Great. this should be seriously considered
I have pushed the repo that I have been working on.
The goal is to get this integrated into master
branch in the next week or two to try and make it for v21.3. Let me know your thoughts.
100% test coverage
Lots of cleanup to still do, but we are getting closer.
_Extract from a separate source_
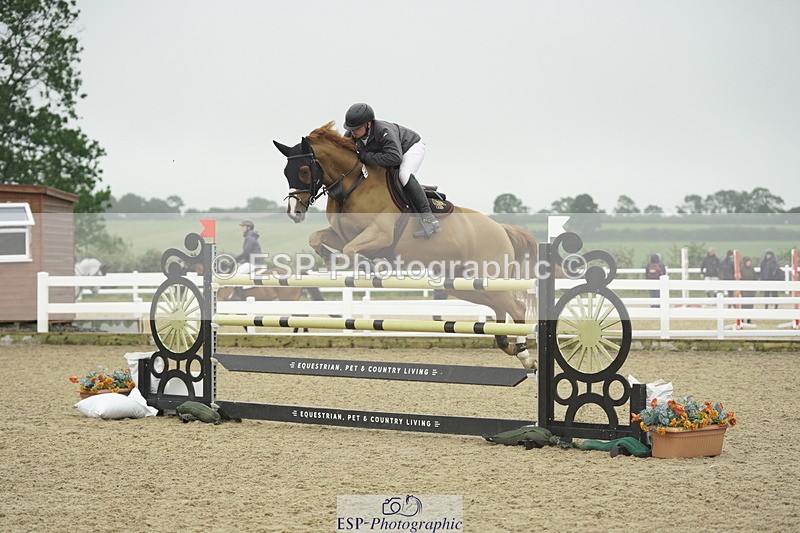 230722A-142334-09656 - Cls 23, 1 Star Gold 1.30m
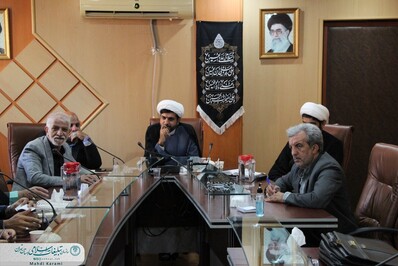 دیدار اعضای کانون مداحان استان تهران با حجت‌الاسلام زهرایی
Also, this was a nice side-by-side comparison of the router change.
In Version 20.12
-----------------------------------------------------------------------------------------------
Name (time in ns) Min Max Mean StdDev Median IQR Outliers OPS (Mops/s) Rounds Iterations
-------------------------------------------------------------------------------------------------------------------------------------------------------------------------------------------------------------------
test_resolve_route_no_arg_string_path 183.5220 (1.0) 260.4150 (1.0) 193.0517 (1.0) 6.9385 (1.0) 191.8610 (1.0) 3.9795 (1.0) 134;97 5.1800 (1.0) 1000 1000
test_resolve_route_with_typed_args 184.8240 (1.01) 590.3360 (2.27) 201.4882 (1.04) 30.8262 (4.44) 194.9180 (1.02) 4.0070 (1.01) 40;171 4.9631 (0.96) 1000 1000
-------------------------------------------------------------------------------------------------------------------------------------------------------------------------------------------------------------------
In new router branch
----------------------------------------------------------------------------------------------- benchmark: 2 tests -----------------------------------------------------------------------------------------------
Name (time in ns) Min Max Mean StdDev Median IQR Outliers OPS (Mops/s) Rounds Iterations
------------------------------------------------------------------------------------------------------------------------------------------------------------------------------------------------------------------
test_resolve_route_no_arg_string_path 104.7200 (1.0) 192.7400 (1.0) 109.5443 (1.0) 7.1217 (2.22) 108.8200 (1.0) 0.3000 (1.0) 20;202 9.1287 (1.0) 1000 1000
test_resolve_route_with_typed_args 117.8700 (1.13) 193.0490 (1.00) 126.3849 (1.15) 3.2035 (1.0) 127.1450 (1.17) 3.0255 (10.08) 156;16 7.9123 (0.87) 1000 1000
------------------------------------------------------------------------------------------------------------------------------------------------------------------------------------------------------------------
Here are some overall benchmarks.
Version 20.12
Running 30s test @ http://127.0.0.1:3333
12 threads and 400 connections
Thread Stats Avg Stdev Max +/- Stdev
Latency 4.48ms 5.95ms 131.35ms 91.06%
Req/Sec 10.21k 1.94k 56.63k 76.23%
3659132 requests in 30.09s, 411.78MB read
Requests/sec: 121614.26
Transfer/sec: 13.69MB
Current master
Running 30s test @ http://127.0.0.1:3333
12 threads and 400 connections
Thread Stats Avg Stdev Max +/- Stdev
Latency 3.81ms 4.55ms 107.27ms 90.82%
Req/Sec 11.22k 2.29k 36.57k 74.27%
4014399 requests in 30.09s, 394.33MB read
Requests/sec: 133394.06
Transfer/sec: 13.10MB
New router branch
Running 30s test @ http://127.0.0.1:3333
12 threads and 400 connections
Thread Stats Avg Stdev Max +/- Stdev
Latency 3.74ms 4.60ms 102.41ms 90.73%
Req/Sec 11.60k 2.61k 46.51k 75.23%
4148337 requests in 30.08s, 407.48MB read
Requests/sec: 137923.77
Transfer/sec: 13.55MB
For the most part, we will see little change in the new routing branch because of route caching. The most noticeable place that we will see the increase is when matching on dynamic routes that are not cacheable.